• TASK BRIEF
Exact repetition is required: reproduce every line of the data.

• Short descriptive text snippets
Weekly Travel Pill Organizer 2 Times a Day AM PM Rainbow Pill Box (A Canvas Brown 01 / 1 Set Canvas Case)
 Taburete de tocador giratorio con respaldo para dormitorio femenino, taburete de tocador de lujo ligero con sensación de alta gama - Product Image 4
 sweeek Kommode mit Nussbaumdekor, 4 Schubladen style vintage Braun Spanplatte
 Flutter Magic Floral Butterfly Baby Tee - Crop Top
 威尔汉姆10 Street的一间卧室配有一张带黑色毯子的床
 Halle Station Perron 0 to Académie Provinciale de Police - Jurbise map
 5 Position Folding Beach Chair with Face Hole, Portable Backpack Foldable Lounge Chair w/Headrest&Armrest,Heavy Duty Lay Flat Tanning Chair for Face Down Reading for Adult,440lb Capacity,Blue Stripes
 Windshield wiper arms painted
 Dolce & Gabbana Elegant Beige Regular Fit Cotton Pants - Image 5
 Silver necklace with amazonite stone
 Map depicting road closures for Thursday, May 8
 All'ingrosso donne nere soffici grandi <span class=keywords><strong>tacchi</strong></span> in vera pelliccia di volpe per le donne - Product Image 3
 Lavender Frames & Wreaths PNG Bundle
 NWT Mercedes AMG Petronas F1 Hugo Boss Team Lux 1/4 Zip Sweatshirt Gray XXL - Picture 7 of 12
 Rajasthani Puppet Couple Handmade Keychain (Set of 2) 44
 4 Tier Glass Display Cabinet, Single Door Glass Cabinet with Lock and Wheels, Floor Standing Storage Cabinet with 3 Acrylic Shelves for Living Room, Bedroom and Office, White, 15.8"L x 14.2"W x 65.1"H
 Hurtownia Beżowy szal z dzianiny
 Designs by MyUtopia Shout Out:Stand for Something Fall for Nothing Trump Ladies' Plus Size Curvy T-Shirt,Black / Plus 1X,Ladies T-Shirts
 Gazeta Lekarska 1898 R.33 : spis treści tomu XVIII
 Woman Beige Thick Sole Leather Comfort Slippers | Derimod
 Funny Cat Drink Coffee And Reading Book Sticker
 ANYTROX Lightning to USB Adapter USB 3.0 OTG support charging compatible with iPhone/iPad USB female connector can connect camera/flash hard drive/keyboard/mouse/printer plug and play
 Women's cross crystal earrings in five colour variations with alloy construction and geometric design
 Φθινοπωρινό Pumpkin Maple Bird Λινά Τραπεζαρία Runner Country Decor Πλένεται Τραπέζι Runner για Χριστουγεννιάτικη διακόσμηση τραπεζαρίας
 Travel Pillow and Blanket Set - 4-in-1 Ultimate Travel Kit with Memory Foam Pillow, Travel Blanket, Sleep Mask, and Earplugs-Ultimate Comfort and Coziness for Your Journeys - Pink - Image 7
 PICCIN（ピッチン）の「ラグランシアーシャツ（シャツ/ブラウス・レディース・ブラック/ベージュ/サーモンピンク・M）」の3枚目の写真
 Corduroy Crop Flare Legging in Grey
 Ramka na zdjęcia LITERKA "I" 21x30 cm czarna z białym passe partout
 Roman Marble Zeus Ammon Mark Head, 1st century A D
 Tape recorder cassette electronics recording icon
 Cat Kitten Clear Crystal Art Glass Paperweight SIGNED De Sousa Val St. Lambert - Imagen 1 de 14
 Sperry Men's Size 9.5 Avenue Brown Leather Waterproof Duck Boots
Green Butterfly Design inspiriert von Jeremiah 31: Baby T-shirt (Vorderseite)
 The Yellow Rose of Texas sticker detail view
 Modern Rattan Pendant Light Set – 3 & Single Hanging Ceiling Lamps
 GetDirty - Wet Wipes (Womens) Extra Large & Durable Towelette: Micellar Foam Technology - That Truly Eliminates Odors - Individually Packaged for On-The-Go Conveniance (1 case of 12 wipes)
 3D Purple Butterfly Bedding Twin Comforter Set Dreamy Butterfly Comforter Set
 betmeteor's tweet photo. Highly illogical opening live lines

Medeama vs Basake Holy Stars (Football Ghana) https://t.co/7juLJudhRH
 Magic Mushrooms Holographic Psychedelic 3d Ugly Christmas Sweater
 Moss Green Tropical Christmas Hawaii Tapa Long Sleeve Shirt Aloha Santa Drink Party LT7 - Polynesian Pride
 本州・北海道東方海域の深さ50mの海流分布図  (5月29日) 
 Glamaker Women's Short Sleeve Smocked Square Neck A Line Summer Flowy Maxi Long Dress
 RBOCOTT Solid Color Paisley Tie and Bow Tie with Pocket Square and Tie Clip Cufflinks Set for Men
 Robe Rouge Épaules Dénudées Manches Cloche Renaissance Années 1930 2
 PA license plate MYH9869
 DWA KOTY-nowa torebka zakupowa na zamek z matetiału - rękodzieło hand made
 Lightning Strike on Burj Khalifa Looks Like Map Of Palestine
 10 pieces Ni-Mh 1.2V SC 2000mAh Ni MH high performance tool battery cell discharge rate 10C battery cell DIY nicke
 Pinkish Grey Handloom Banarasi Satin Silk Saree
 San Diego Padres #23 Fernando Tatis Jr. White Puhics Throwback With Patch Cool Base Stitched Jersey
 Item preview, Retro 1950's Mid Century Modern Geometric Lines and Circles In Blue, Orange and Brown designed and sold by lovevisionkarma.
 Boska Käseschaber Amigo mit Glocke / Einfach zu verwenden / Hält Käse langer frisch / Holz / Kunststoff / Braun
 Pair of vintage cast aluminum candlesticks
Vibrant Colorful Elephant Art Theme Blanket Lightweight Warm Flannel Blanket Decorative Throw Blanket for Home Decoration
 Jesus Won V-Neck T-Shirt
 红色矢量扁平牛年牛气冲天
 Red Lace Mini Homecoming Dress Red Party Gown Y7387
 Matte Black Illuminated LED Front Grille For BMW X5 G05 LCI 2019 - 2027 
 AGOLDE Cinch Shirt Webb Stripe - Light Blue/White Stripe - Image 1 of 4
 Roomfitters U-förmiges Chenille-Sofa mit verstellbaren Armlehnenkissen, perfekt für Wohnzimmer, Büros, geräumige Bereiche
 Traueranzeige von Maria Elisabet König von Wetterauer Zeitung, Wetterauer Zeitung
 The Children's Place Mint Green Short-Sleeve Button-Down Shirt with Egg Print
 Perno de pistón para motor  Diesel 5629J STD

• EXERCISE ANSWER
Weekly Travel Pill Organizer 2 Times a Day AM PM Rainbow Pill Box (A Canvas Brown 01 / 1 Set Canvas Case)
 Taburete de tocador giratorio con respaldo para dormitorio femenino, taburete de tocador de lujo ligero con sensación de alta gama - Product Image 4
 sweeek Kommode mit Nussbaumdekor, 4 Schubladen style vintage Braun Spanplatte
 Flutter Magic Floral Butterfly Baby Tee - Crop Top
 威尔汉姆10 Street的一间卧室配有一张带黑色毯子的床
 Halle Station Perron 0 to Académie Provinciale de Police - Jurbise map
 5 Position Folding Beach Chair with Face Hole, Portable Backpack Foldable Lounge Chair w/Headrest&Armrest,Heavy Duty Lay Flat Tanning Chair for Face Down Reading for Adult,440lb Capacity,Blue Stripes
 Windshield wiper arms painted
 Dolce & Gabbana Elegant Beige Regular Fit Cotton Pants - Image 5
 Silver necklace with amazonite stone
 Map depicting road closures for Thursday, May 8
 All'ingrosso donne nere soffici grandi <span class=keywords><strong>tacchi</strong></span> in vera pelliccia di volpe per le donne - Product Image 3
 Lavender Frames & Wreaths PNG Bundle
 NWT Mercedes AMG Petronas F1 Hugo Boss Team Lux 1/4 Zip Sweatshirt Gray XXL - Picture 7 of 12
 Rajasthani Puppet Couple Handmade Keychain (Set of 2) 44
 4 Tier Glass Display Cabinet, Single Door Glass Cabinet with Lock and Wheels, Floor Standing Storage Cabinet with 3 Acrylic Shelves for Living Room, Bedroom and Office, White, 15.8"L x 14.2"W x 65.1"H
 Hurtownia Beżowy szal z dzianiny
 Designs by MyUtopia Shout Out:Stand for Something Fall for Nothing Trump Ladies' Plus Size Curvy T-Shirt,Black / Plus 1X,Ladies T-Shirts
 Gazeta Lekarska 1898 R.33 : spis treści tomu XVIII
 Woman Beige Thick Sole Leather Comfort Slippers | Derimod
 Funny Cat Drink Coffee And Reading Book Sticker
 ANYTROX Lightning to USB Adapter USB 3.0 OTG support charging compatible with iPhone/iPad USB female connector can connect camera/flash hard drive/keyboard/mouse/printer plug and play
 Women's cross crystal earrings in five colour variations with alloy construction and geometric design
 Φθινοπωρινό Pumpkin Maple Bird Λινά Τραπεζαρία Runner Country Decor Πλένεται Τραπέζι Runner για Χριστουγεννιάτικη διακόσμηση τραπεζαρίας
 Travel Pillow and Blanket Set - 4-in-1 Ultimate Travel Kit with Memory Foam Pillow, Travel Blanket, Sleep Mask, and Earplugs-Ultimate Comfort and Coziness for Your Journeys - Pink - Image 7
 PICCIN（ピッチン）の「ラグランシアーシャツ（シャツ/ブラウス・レディース・ブラック/ベージュ/サーモンピンク・M）」の3枚目の写真
 Corduroy Crop Flare Legging in Grey
 Ramka na zdjęcia LITERKA "I" 21x30 cm czarna z białym passe partout
 Roman Marble Zeus Ammon Mark Head, 1st century A D
 Tape recorder cassette electronics recording icon
 Cat Kitten Clear Crystal Art Glass Paperweight SIGNED De Sousa Val St. Lambert - Imagen 1 de 14
 Sperry Men's Size 9.5 Avenue Brown Leather Waterproof Duck Boots
Green Butterfly Design inspiriert von Jeremiah 31: Baby T-shirt (Vorderseite)
 The Yellow Rose of Texas sticker detail view
 Modern Rattan Pendant Light Set – 3 & Single Hanging Ceiling Lamps
 GetDirty - Wet Wipes (Womens) Extra Large & Durable Towelette: Micellar Foam Technology - That Truly Eliminates Odors - Individually Packaged for On-The-Go Conveniance (1 case of 12 wipes)
 3D Purple Butterfly Bedding Twin Comforter Set Dreamy Butterfly Comforter Set
 betmeteor's tweet photo. Highly illogical opening live lines

Medeama vs Basake Holy Stars (Football Ghana) https://t.co/7juLJudhRH
 Magic Mushrooms Holographic Psychedelic 3d Ugly Christmas Sweater
 Moss Green Tropical Christmas Hawaii Tapa Long Sleeve Shirt Aloha Santa Drink Party LT7 - Polynesian Pride
 本州・北海道東方海域の深さ50mの海流分布図  (5月29日) 
 Glamaker Women's Short Sleeve Smocked Square Neck A Line Summer Flowy Maxi Long Dress
 RBOCOTT Solid Color Paisley Tie and Bow Tie with Pocket Square and Tie Clip Cufflinks Set for Men
 Robe Rouge Épaules Dénudées Manches Cloche Renaissance Années 1930 2
 PA license plate MYH9869
 DWA KOTY-nowa torebka zakupowa na zamek z matetiału - rękodzieło hand made
 Lightning Strike on Burj Khalifa Looks Like Map Of Palestine
 10 pieces Ni-Mh 1.2V SC 2000mAh Ni MH high performance tool battery cell discharge rate 10C battery cell DIY nicke
 Pinkish Grey Handloom Banarasi Satin Silk Saree
 San Diego Padres #23 Fernando Tatis Jr. White Puhics Throwback With Patch Cool Base Stitched Jersey
 Item preview, Retro 1950's Mid Century Modern Geometric Lines and Circles In Blue, Orange and Brown designed and sold by lovevisionkarma.
 Boska Käseschaber Amigo mit Glocke / Einfach zu verwenden / Hält Käse langer frisch / Holz / Kunststoff / Braun
 Pair of vintage cast aluminum candlesticks
Vibrant Colorful Elephant Art Theme Blanket Lightweight Warm Flannel Blanket Decorative Throw Blanket for Home Decoration
 Jesus Won V-Neck T-Shirt
 红色矢量扁平牛年牛气冲天
 Red Lace Mini Homecoming Dress Red Party Gown Y7387
 Matte Black Illuminated LED Front Grille For BMW X5 G05 LCI 2019 - 2027 
 AGOLDE Cinch Shirt Webb Stripe - Light Blue/White Stripe - Image 1 of 4
 Roomfitters U-förmiges Chenille-Sofa mit verstellbaren Armlehnenkissen, perfekt für Wohnzimmer, Büros, geräumige Bereiche
 Traueranzeige von Maria Elisabet König von Wetterauer Zeitung, Wetterauer Zeitung
 The Children's Place Mint Green Short-Sleeve Button-Down Shirt with Egg Print
 Perno de pistón para motor  Diesel 5629J STD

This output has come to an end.